***** Source material *****
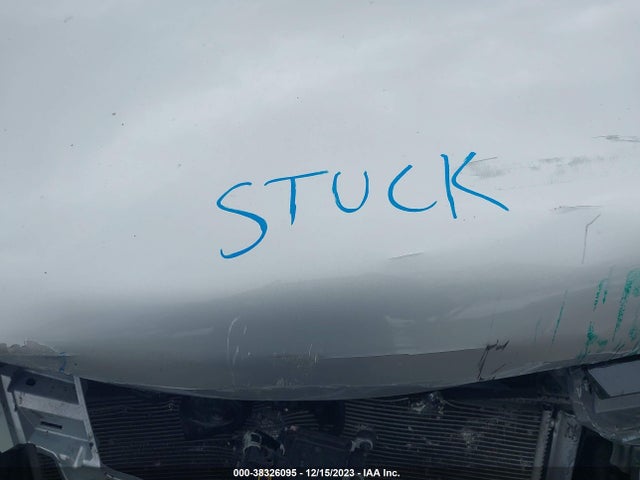 2018 NISSAN ROGUE SL VIN: 5N1AT2MT4JC811727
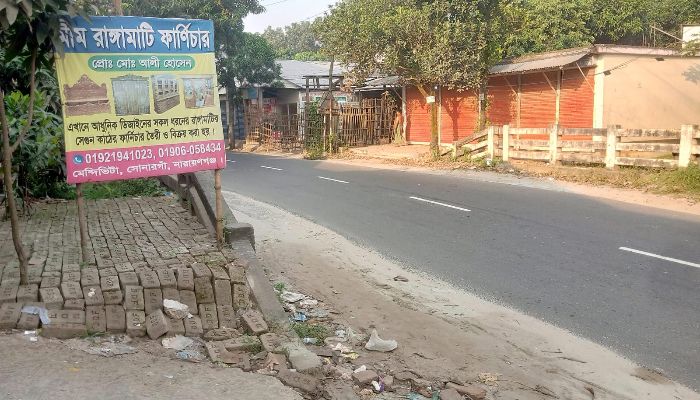 দখলদারদের থাবায় পেতার বাড়ি ব্রিজ ও সরকারি খাল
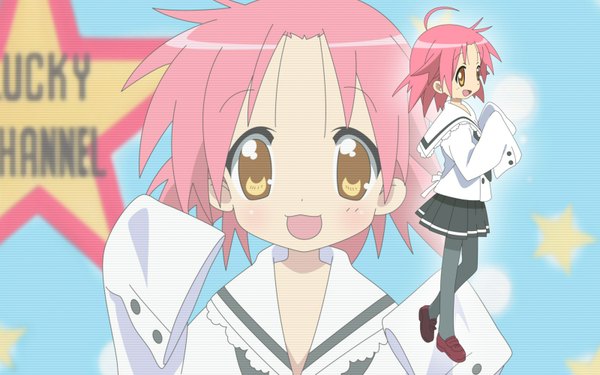 Anime picture 1600x1000 with lucky star kyoto animation kogami akira long hair looking at viewer short hair open mouth wide image yellow eyes looking away pink hair ahoge :d pleated skirt copyright name sleeves past wrists multiview lucky channel girl skirt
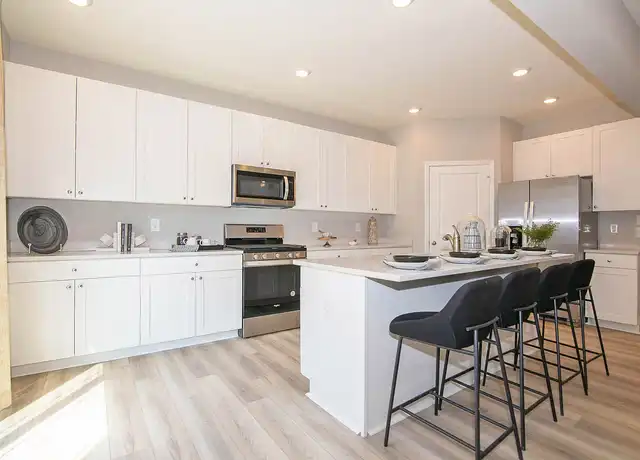 Property at Jackson Run Townhomes - 2890 Cross Branch Dr, Whitestown, IN, 46075, 3-4 beds, 2.5 baths, [object Object]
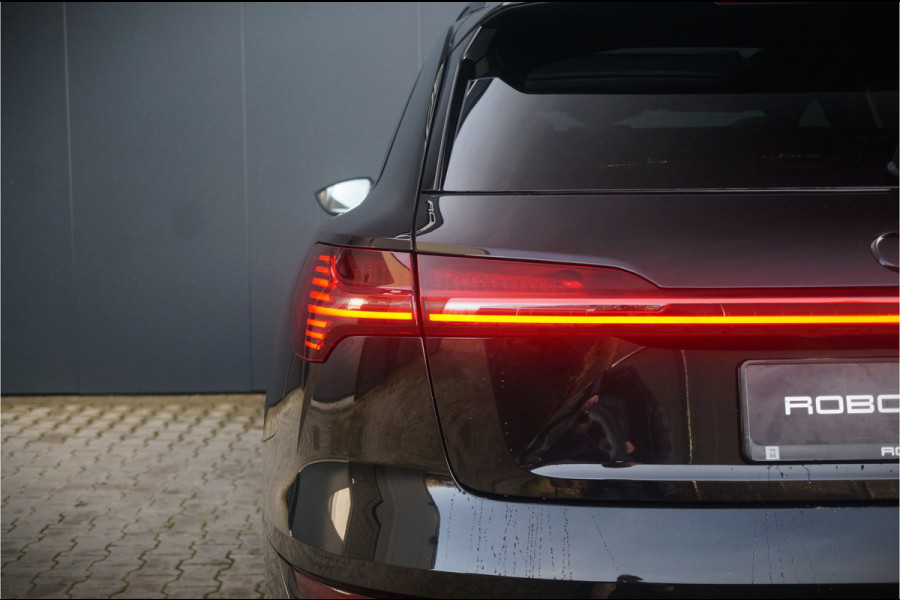 Audi e-tron e-tron 50 quattro S edition Black 71 kWh | S-Line | Panoramadak | Memory Seats | Luchtvering | Adaptive Cruise Control | Camera | Keyless | Matrix LED | Leder | Stoelverwarming | NAP | BTW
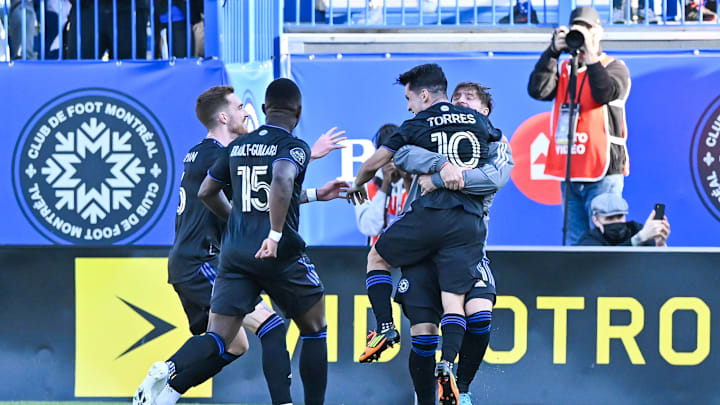 Jugadores del CF Montreal celebran un gol.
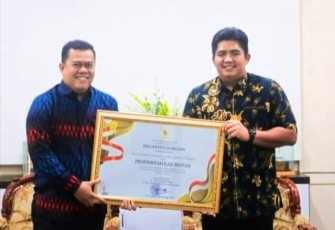 Plt Bupati Bintan, Roby Kurniawan dan Kadis PMDes, Roni Kartika.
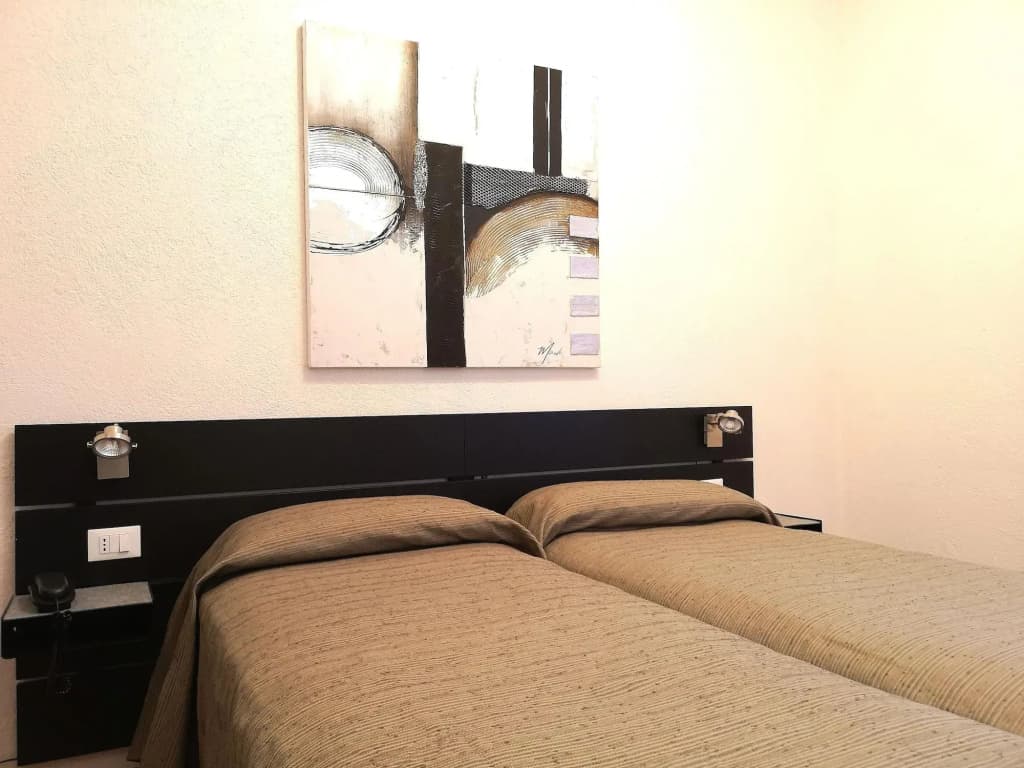 Hotel Rossi - photo 10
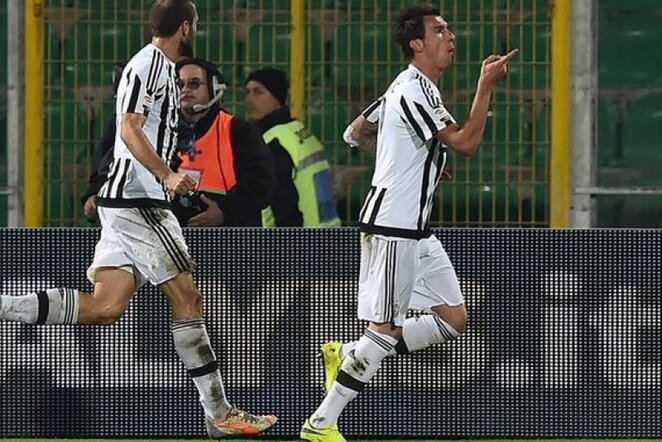 Mario Mandžukičius įmušė pirmą įvartį | AFP/Scanpix nuotr.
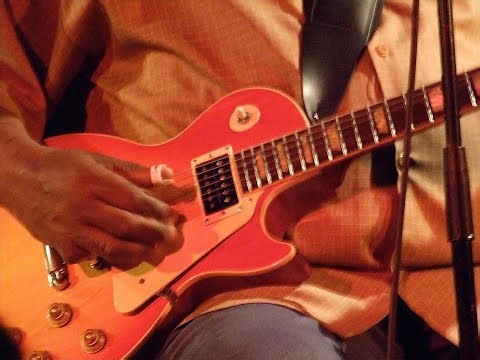 Magic Slim - Tell Me Baby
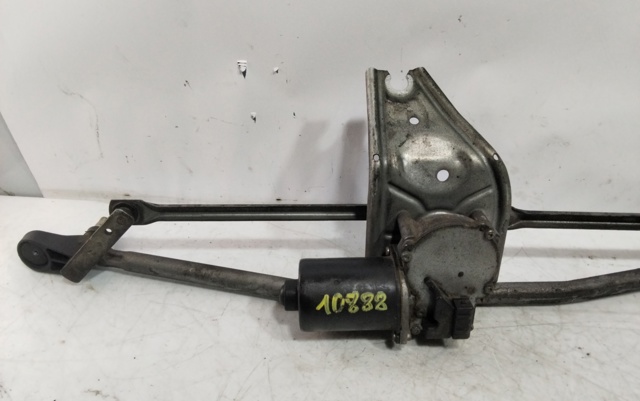 404523 Ford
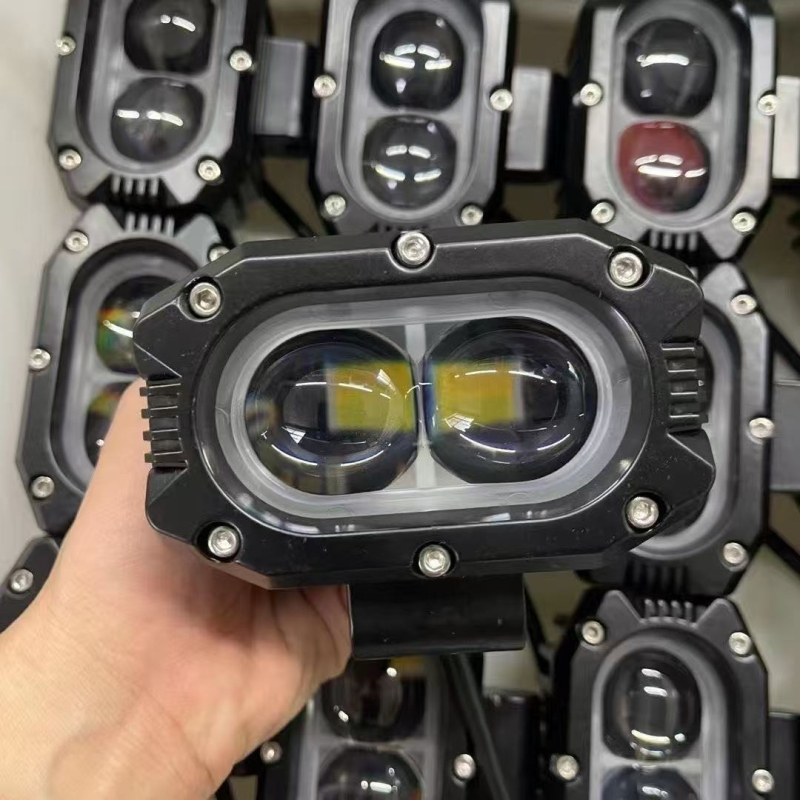 Automobilski LED reflektor - visoke snage, kućište od aluminijske legure, krovni nosač, univerzalna kompatibilnost, 10-30V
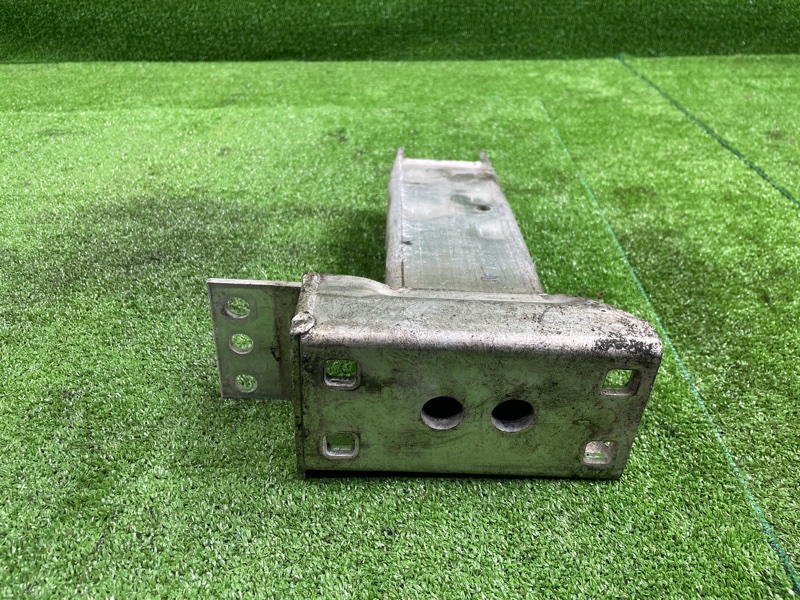 Кронштейн усилителя бампера, 1200 рублей, Фроловское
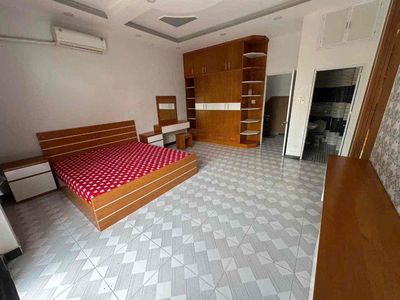Nhà thuê nguyên căn hẻm xe hơi đường đào tông nguyên nhà bè — ảnh 1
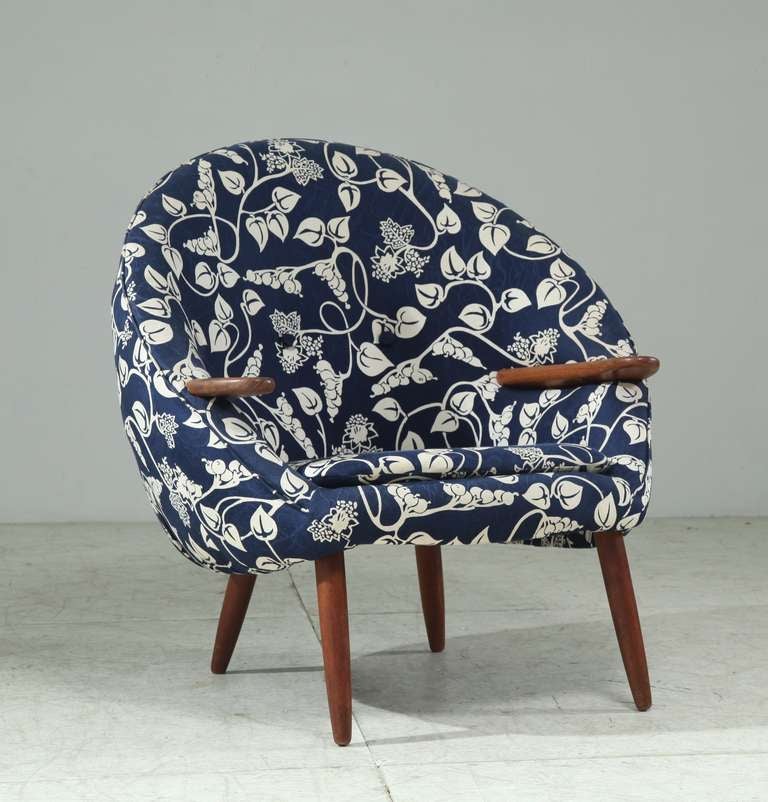 Blue And White Nanna Ditzel Side Chair In Excellent Condition For Sale In Maastricht, NL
*****
## Prompt
Would you restate word for word only the lines from the line with "Nhà thuê nguyên" to the last line above, with the pictures left out?

## Answer to this task
Nhà thuê nguyên căn hẻm xe hơi đường đào tông nguyên nhà bè — ảnh 1
 Blue And White Nanna Ditzel Side Chair In Excellent Condition For Sale In Maastricht, NL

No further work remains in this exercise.